Well, I don’t really know if it’s a math problem. Maybe physics.

Anyway, I pulled to a railroad crossing just as the lights began flashing and the gates went down. The three engines when WHOOSHING by. My minivan shook.

The cars following the engines were mostly empty; that is, the flats where containers are stacked were empty. What I’m getting at is that they’re really light. Lighter than empty boxcars.

So I sit singing along to the radio watching the train go by, the container flats start to be filled with containers. First one layer, then two layers.

At the same time, the train seems to be slowing down. At first I assumed that this was simply what was happening. Then I made the connection between slower train and heavier cars.

Which led me, who is math/science impaired, to wonder if the WHOLE train had slowed, or just the cars in the latter part, which was heavier. Is it possible for two parts of a train to get traveling at different rates of speed? Would it depend on how long the train was? This one was fairly long.

If this is impossible, was it just coincidence that the train slowed just as I observed its load was heavier?

If two parts of a train travel at different rates of speed, then it will either crash or separate.
(It’s tricky to see what would make a train do this. All the energy comes from the engine, and the rest of the train is just pulled along.)

If this is impossible, was it just coincidence that the train slowed just as I observed its load was heavier?

Just a coincidence. The train couplings are basically solid, so the whole train is forced to go the same speed.

Of course, there is some flexibility in the couplings, and in the atomic bonds of the steel. So an extremely long train could conceivably have some small variations in the exact speed of its components, but it would be small. Unless the train was half a light-year long.

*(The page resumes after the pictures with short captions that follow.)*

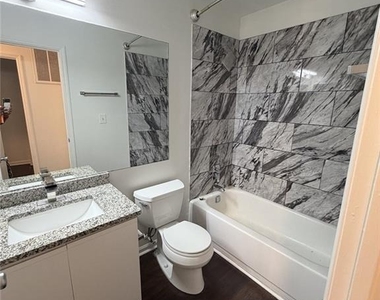 3253 Tennington Place - Photo Thumbnail 6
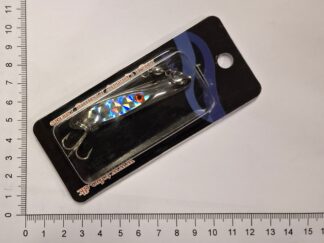 Blink, 20 gram, st. 8 trekrog.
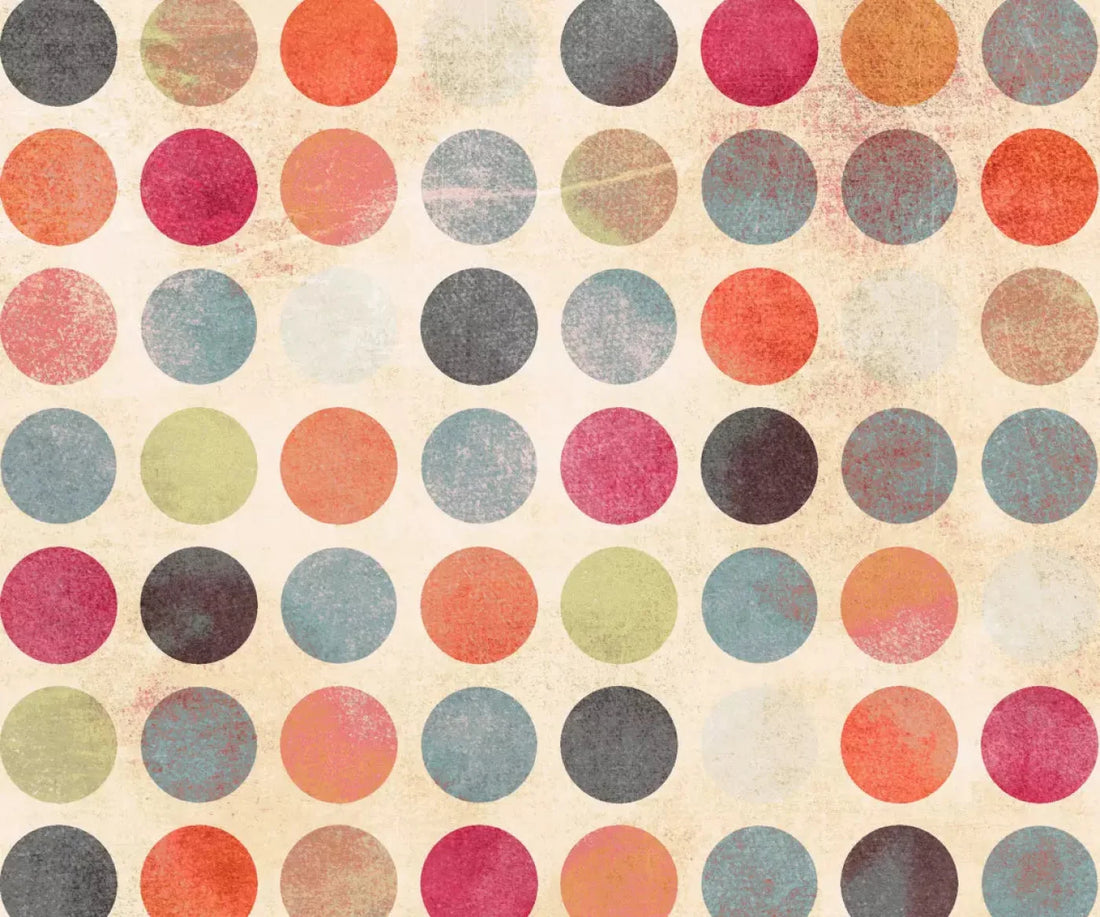 Appointment 5X42 Fleece ( 60 X 50 Inch ) Backdrop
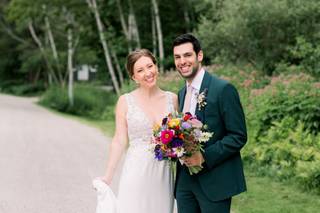 Anne Lee Photography - 23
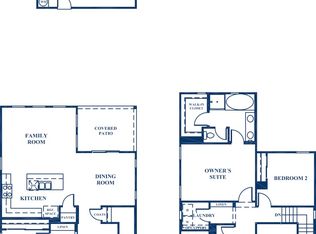 13310 Warren Ave, Marina, CA 93933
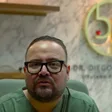 Dr. Diego Fierro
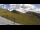 Webcam in Brixen-Bressanone, 1.1 km entfernt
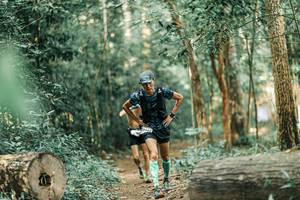 BIB: 
                            <button type="button" onclick="openModal(25925389)" class="btn btn-primary btn-sm float-right btn-popup" data-toggle="modal" data-target=".modal-high-quality">
                        <i class="fas fa-shopping-cart"></i> Add to Cart
                    </button>
                                            <button type="button" onclick="isThisMe(25925389, true)" class="btn btn-success btn-sm float-right btn-popup btn-isme hidden" data-toggle="tooltip" data-placement="bottom" title="นี่คือรูปของคุณใช่ไหม คลิกที่นี่เพื่อเอาเข้าอัลบั้ม">
                        <i class="fas fa-plus"></i> Add to album
                    </button>
                    <button type="button" onclick="isThisMe(25925389, false)" class="btn btn-warning btn-sm float-right btn-popup btn-isnotme hidden">
                        <i class="fas fa-ban"></i> Remove from album
                    </button>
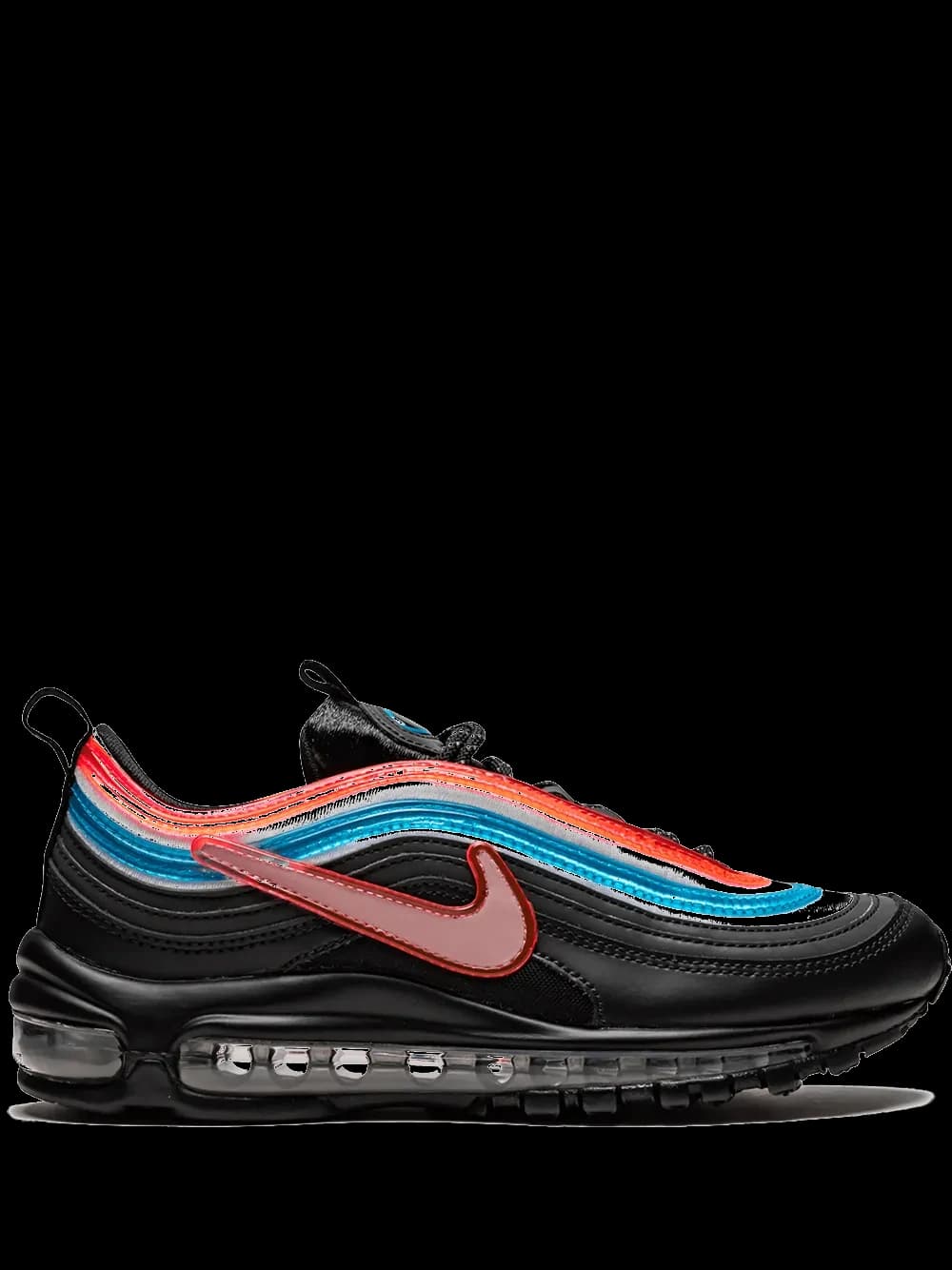 Air Max 97
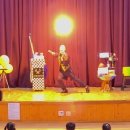 정일초등학교 이미지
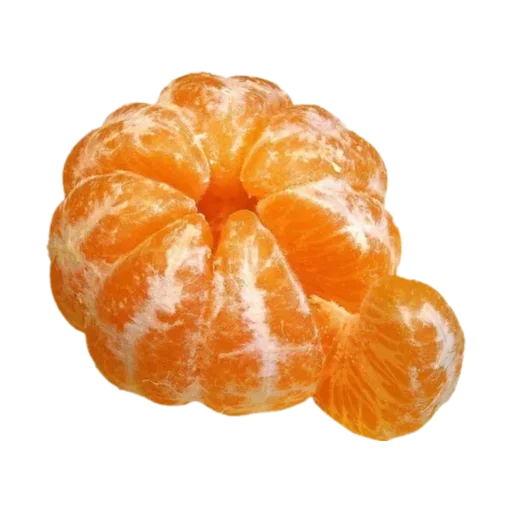 nw @klchuv - пища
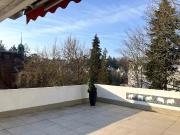 Großzügiges Wohnen am Neroberg!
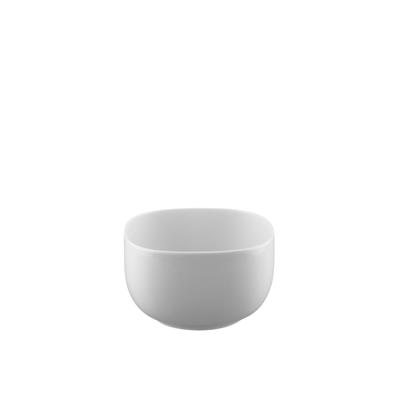 ROSENTHAL STUDIO LINE - Suomi Pure White - Multifunctieschaal 14cm 0,65l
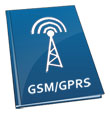GPRS EDGE UMTS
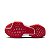 Tênis Nike ZoomX Invincible Run Flyknit 3 Rosa - DR2660-600 - Imagem 5
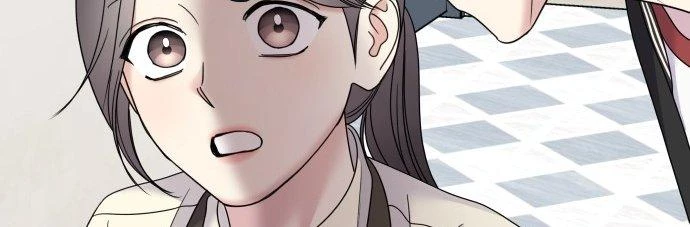 Đừng Ngây Thơ Nữa, Hãy Phục Tùng Chapter 115 - 388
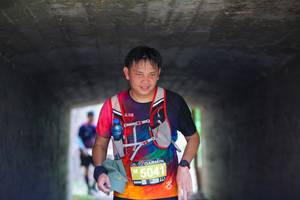 BIB: 668, 5041
                            <button type="button" onclick="openModal(4456725)" class="btn btn-primary btn-sm float-right btn-popup" data-toggle="modal" data-target=".modal-high-quality">
                        <i class="fas fa-shopping-cart"></i> Add to Cart
                    </button>
                                            <button type="button" onclick="isThisMe(4456725, true)" class="btn btn-success btn-sm float-right btn-popup btn-isme hidden" data-toggle="tooltip" data-placement="bottom" title="นี่คือรูปของคุณใช่ไหม คลิกที่นี่เพื่อเอาเข้าอัลบั้ม">
                        <i class="fas fa-plus"></i> Add to album
                    </button>
                    <button type="button" onclick="isThisMe(4456725, false)" class="btn btn-warning btn-sm float-right btn-popup btn-isnotme hidden">
                        <i class="fas fa-ban"></i> Remove from album
                    </button>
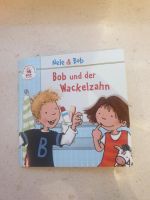 Verschenke ein Buch Bonn - Dottendorf Vorschau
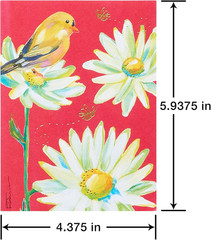 All Occasion Card Bundle, Kathy Davis Designs (40-count)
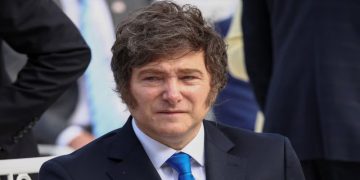 Javier Milei: “Argentina ya está en condiciones de tener acceso al mercado de capitales”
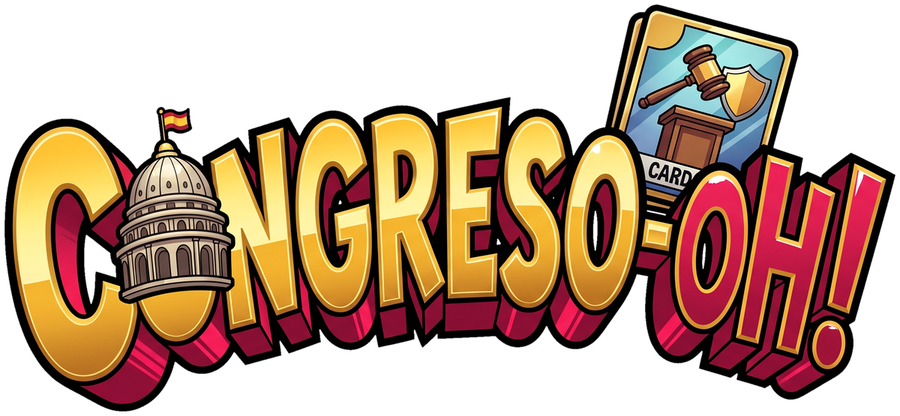 CONGRESO-OH!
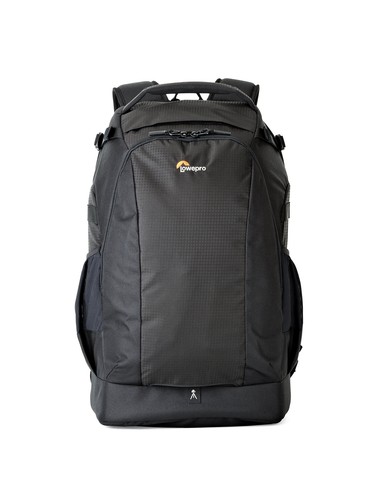 Lowepro lp37131 zaino per - lp37131,,
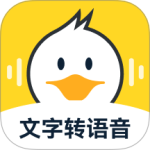 配音鸭最新版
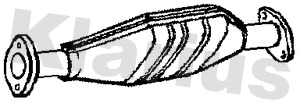 370256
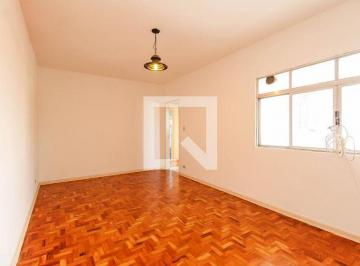 Apartamento · 80m² · 2 Quartos · Apartamento para Aluguel - Belém, 2 Quartos,  80 m² - São Paulo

but the different parts of the train can go at different rates. They have to.

Take a train at rest. First the engine starts moving before the rest of the train, as the miniscule amounts of slack in the couplings is taken up. Then each car in turn starts moving.

So yes, the different parts of the train can move at slightly different speeds at any given moment. This is instantaneous speed.

The average speed over a given distance will also be different per car, but also very slightly.

For example, the engine may go exactly 30 miles in 45 minutes, but the caboose (if they still exist ) will take 45 minutes, 0.1 seconds to travel exactly 30 miles from its starting position.

But there won’t be any noticable speed difference. If the last car is going 30 MPH, the engine is also going 30 MPH, + a fractional mile per hour.